Bisexuality is the potential to feel attracted (sexually, romantically, emotionally) to and/or engage in sensual or sexual relationships with people of two or more genders. The degree and type of attraction to different genders may vary over time. Bisexuality historically operated within the binary, meaning attraction to men and women, but the term has increasingly been re-defined by bisexual people to name attraction to people of same and different genders. This could include—as a few instances—men & women; women & non-binary people; men & genderfluid people; men, women, & gender non-conforming people, etc. Bisexuality is one term of many describing non-monosexual identities, meaning not attracted to one gender exclusively. Some other terms are pansexuality and omnisexuality, meaning attraction to people of all or many gender identities and expressions.
Bisexual individuals, like all people, have a wide variety of relationship styles. Contrary to common myth, a bisexual person does not necessarily need to be in sexual or romantic relationships with people of multiple genders simultaneously. Some bisexual people may be in a relationship with one partner only, whereas others may have a number of partners. It is important to have the freedom to choose the type of relationship that is right for the people involved, whatever their orientation.
Bisexual people cannot be defined by their partner(s) or potential partner(s), so they are rendered invisible within an either/or framework. This invisibility is one of the most challenging aspects of a bisexual identity. Living in a society that operates strongly within a binary, most people are unaware of their monosexual assumptions (seeing someone as either gay or straight) until a bisexual person speaks up/comes out and challenges the assumption. Very often, bisexuals are then dismissed and told they are “confused” or “simply have to make up their mind and choose.”
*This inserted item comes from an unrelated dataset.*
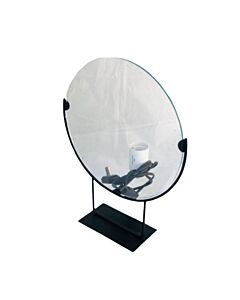 Velador Plano Maleka (SV) Í˜ 25 Cm.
Tips to be a Bisexual Ally
- The terms “bisexual” and “non-monosexual” can be used interchangeably to describe individuals who identify with non-monosexual orientations (attracted to more than one gender), encompassing pan-, omni-, bi-, and nonmonosexual identities.
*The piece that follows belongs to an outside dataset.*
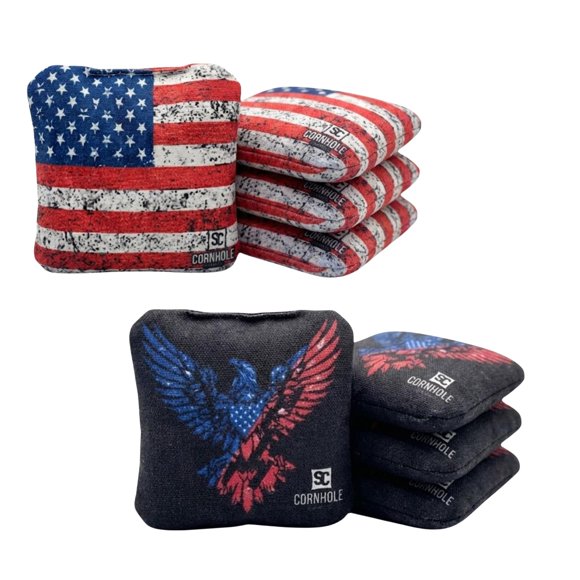 Bolsas de Cornhole SC Cornhole Slide/Stick 15-16 oz 15x15 cm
- Acknowledge that a person who is bisexual is always bisexual regardless of their current or past partner(s) or sexual experience(s).
- Check in with people about what term(s) they prefer and respect personal choices about self-identification. Don’t make assumptions!
- Because nonmonosexuality is invisibilized/delegitimized, non-monosexual people usually have to come out over and over, both within and outside of LGBTQIA communities.
- Recognize that Bi people are not “confused,” “oversexed,” or attracted to everyone.
- Not every Bi person “passes” as straight. Those who do may not feel this is a privilege.